It’s Important to Note: Sales, cost of goods sold, or cost of sales can’t be used by government contractors as an allocation base for any pool.

G&A pools are the only pools necessary; deciding the remaining number and composition of pools is left to the convenience of the contractor. If you maintain fewer cost pools, you’ll find it easier to monitor rates, administrative costs will be lower, and there will be less impact by a volatile business base. On the other hand, consider more cost pools when you need a higher degree of accuracy, want more visibility into costs, and need more rates to choose when bidding on future government contracts.

Service Centers

Service centers are a lot like cost pools, with a big exception. The service center allocation base relates to some measureable element other than cost, based on the use of the service. Examples include square feet, head count, number of copies, and time. A big advantage of service centers is that they provide management with data on the cost of providing a particular service. Their costs may be allocated directly to contracts, to indirect cost pools, or to other service centers.
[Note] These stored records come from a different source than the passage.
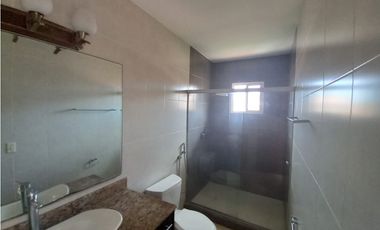 Venta de Casa  Reposeído en  Villas del Golf , Villa Lucre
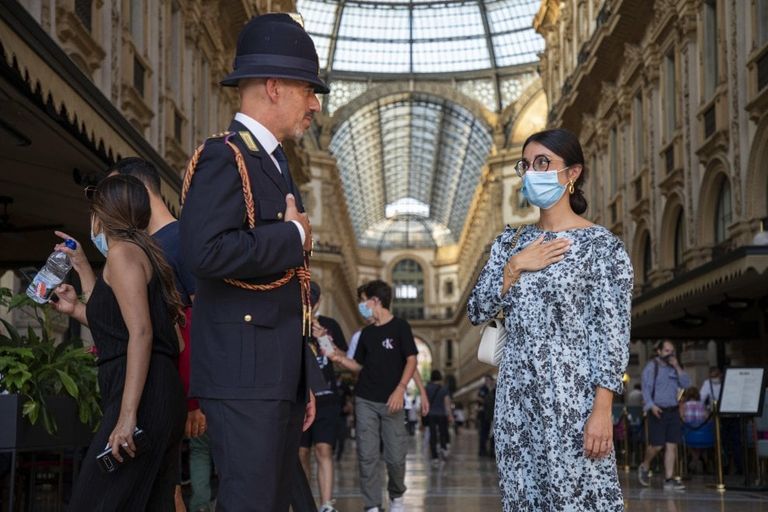 اليد على القلب.. تحية آمنة في زمن كورونا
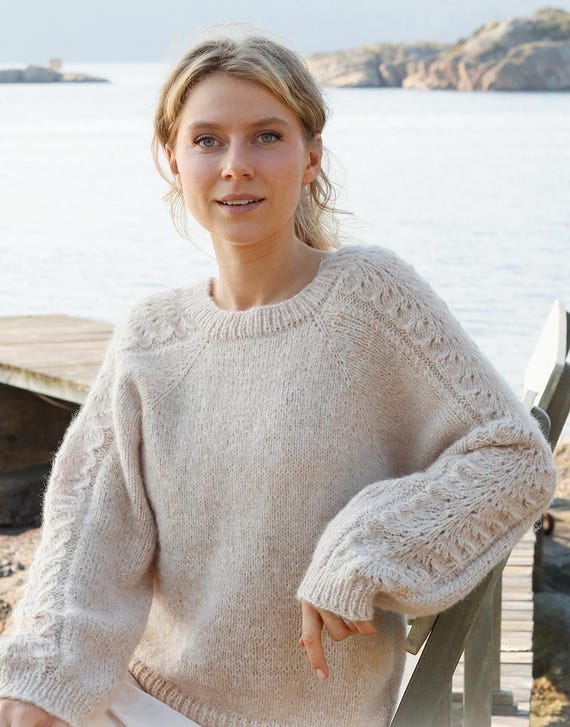 Christie\'s completely handmade 100% imported Wool Large, Gray Christie\ main image 3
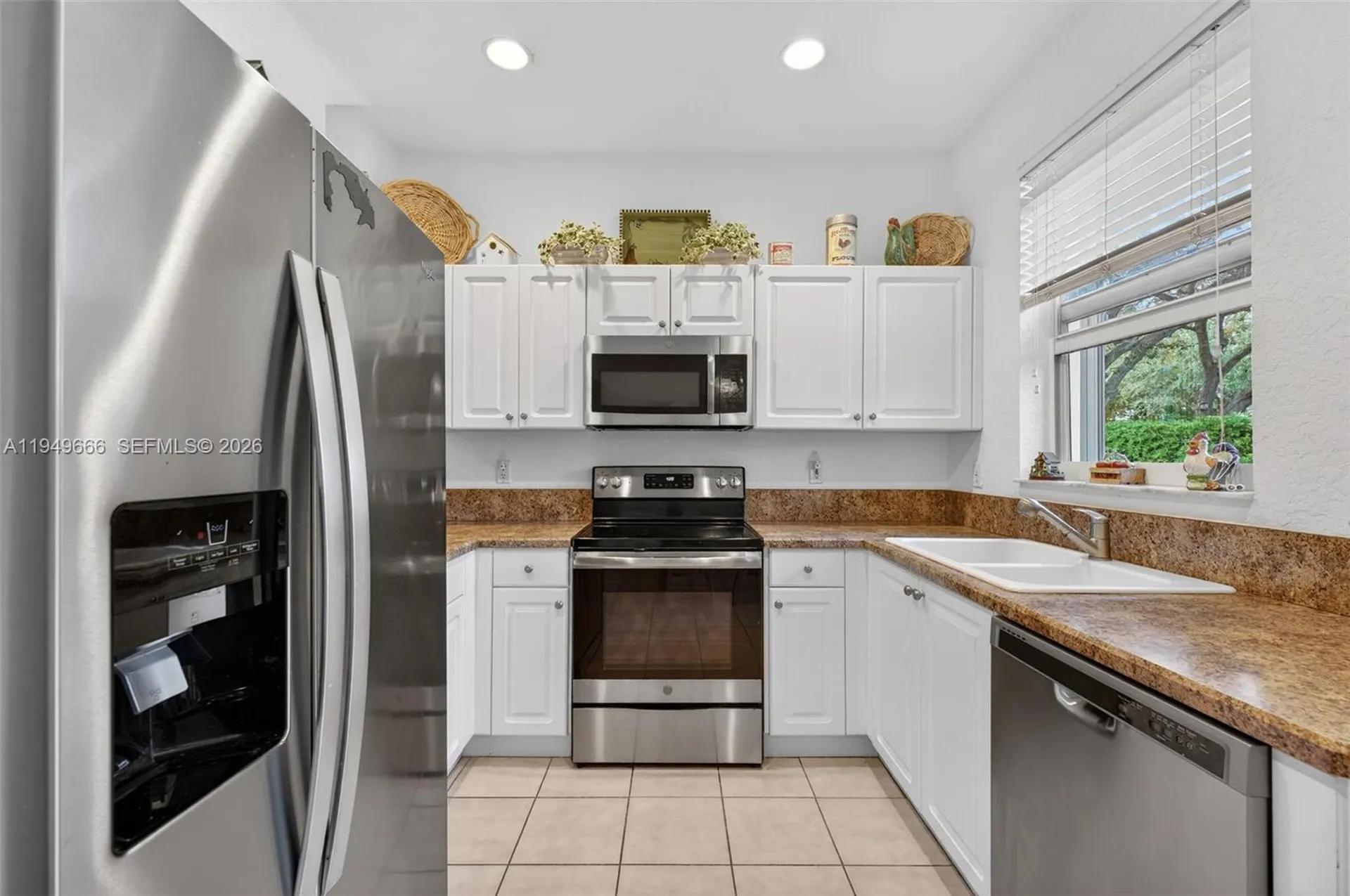 11641 NW 47th Drive Coral Springs FL 33076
Warning: If you operate a mix of government and commercial business, you should be aware of the potential for audits of your cost allowability. Many companies segregate their government contracting operations to mitigate such risks. Look for expert guidance on how to ideally structure your organization and indirect pools.

Next Steps

Deltek ERP for Government Contractors has a strong heritage of understanding the intricacies of government contracts and the way government contractors work. Learn more about Deltek Costpoint, the industry’s leading ERP system for Government Contractors.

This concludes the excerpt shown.